Can a simple box cure attention deficits and modern angst?

"Contemporary life can be a series of mind-numbing distractions,” according to the design team at the Office of Charles F. Bloszies, a national firm.

Their new solution, “Ironically, leads us to a tiny, physical space of tranquility,” say the West Coast-based architects and structures designers.

A shortlisted design in the worldwide competition hosted by Buildner and juried by design leaders from Melbourne to New Delhi to Los Angeles, the team's Tokyo Meditation Module APP is proposed as "one of many modular meditation cabins to be deployed in quiet locations throughout Tokyo."

Archinect's Niall Patrick Walsh covered the competition and some distinctive entries in a previous article.

"Our cabin is a simple box,” says Charles F. Bloszies, FAIA. "Wood and glass panels inside and solar panels on the outside: tile floor, one glass wall, three wood walls, one with shelves, and a wood ceiling.” 

As with Bloszies’s solutions for homelessness — the latest debuted late this spring in Redwood City, California — the cost-efficient prefabrications can easily host building-integrated photovoltaics, or BIPVs. “The solar panels are the exterior skin – functional and symbolic.

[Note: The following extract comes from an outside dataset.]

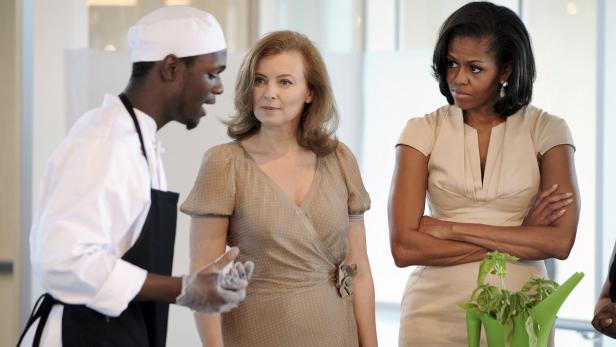 Ein Koch erklärt Michelle Obama und einer weiteren Frau etwas über eine Pflanze.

The module is a place to recharge,” he quips. (Click here for information on the Redwood City campus for unhoused individuals.)

Other recent laurels for the Office of Charles F. Bloszies include a ULI Americas Award for Excellence in 2022 for a prior offsite fabricated noncongregate shelter for individuals, couples, and families with children in Mountain View, California, for the clients LifeMoves and Sares Regis. The firm's design for another similar project, Bayview Navigation Center, won the judges’ honor in the 2022 Metal Architecture Design Awards.

As Kevin Fagan wrote last winter in The San Francisco Chronicle about the new campus, “It will be the biggest navigation center in Northern California. Can it end homelessness in this Bay Area county?”

As the team's Tokyo Meditation Module APP demonstrates, these architectural interventions at the very least bring some solace, calm and serenity to the lives of people who truly need those qualities.